Input data -
......

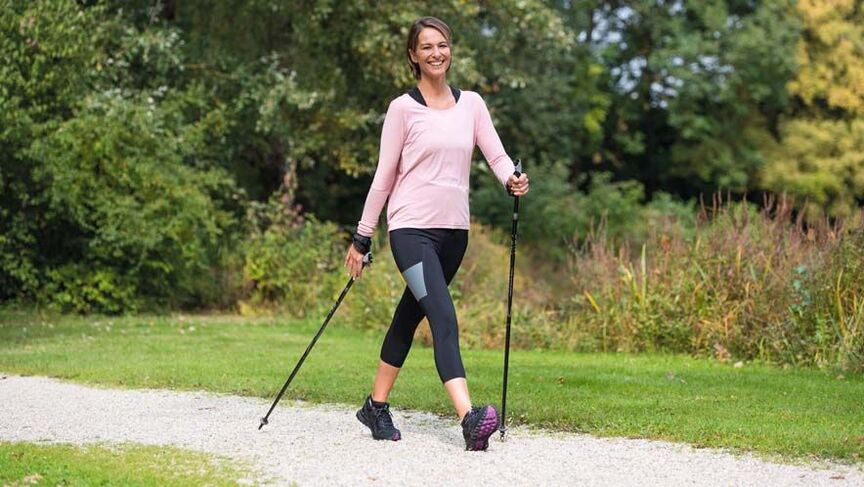 sieviete ir aizņemta staigājot, lai novērstu muguras sāpes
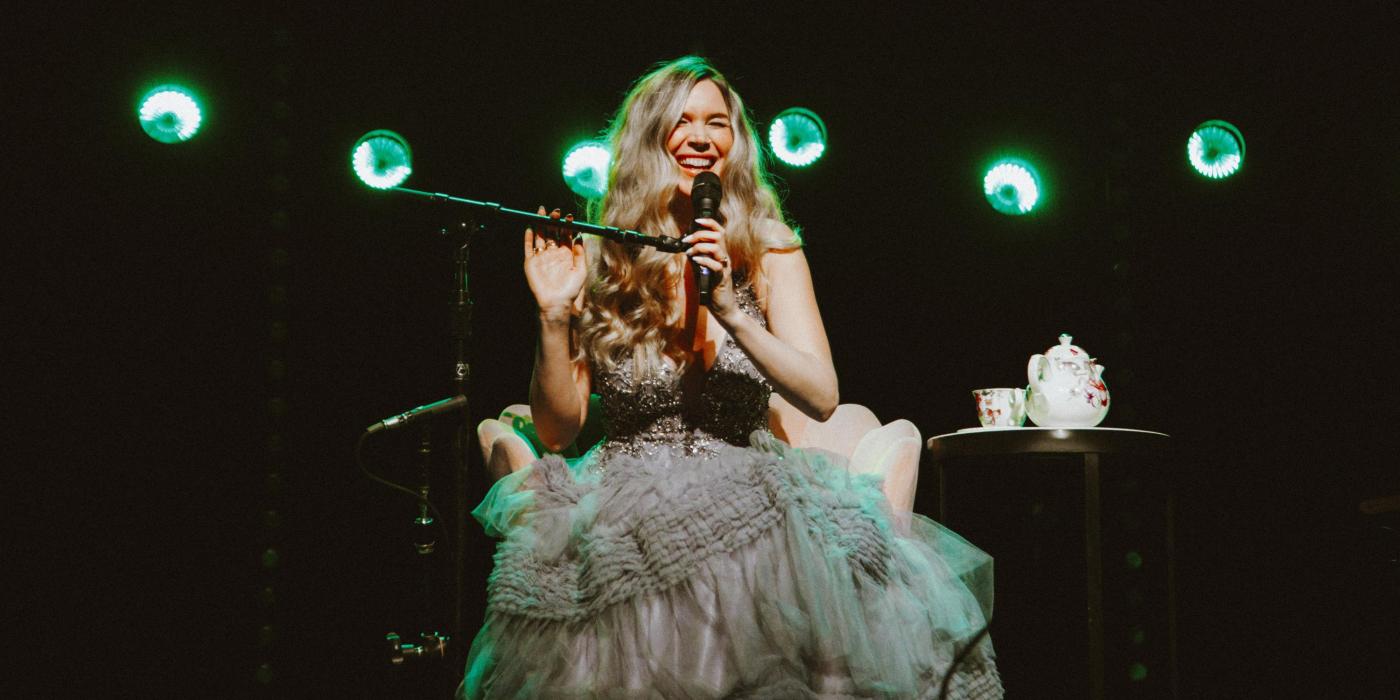 Joss Stone sitting on stage singing into microphone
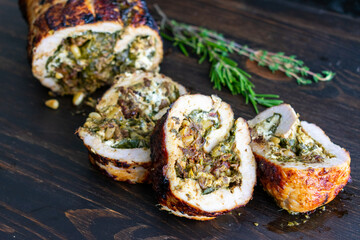 Mediterranean Stuffed Pork Tenderloin: Roasted pork stuffed with spinach, pesto, and goat cheese on a dark wood background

......

To do - Please set down each line of the data above exactly as written, without the pictures.

Answer box -
 sieviete ir aizņemta staigājot, lai novērstu muguras sāpes
 Joss Stone sitting on stage singing into microphone
 Mediterranean Stuffed Pork Tenderloin: Roasted pork stuffed with spinach, pesto, and goat cheese on a dark wood background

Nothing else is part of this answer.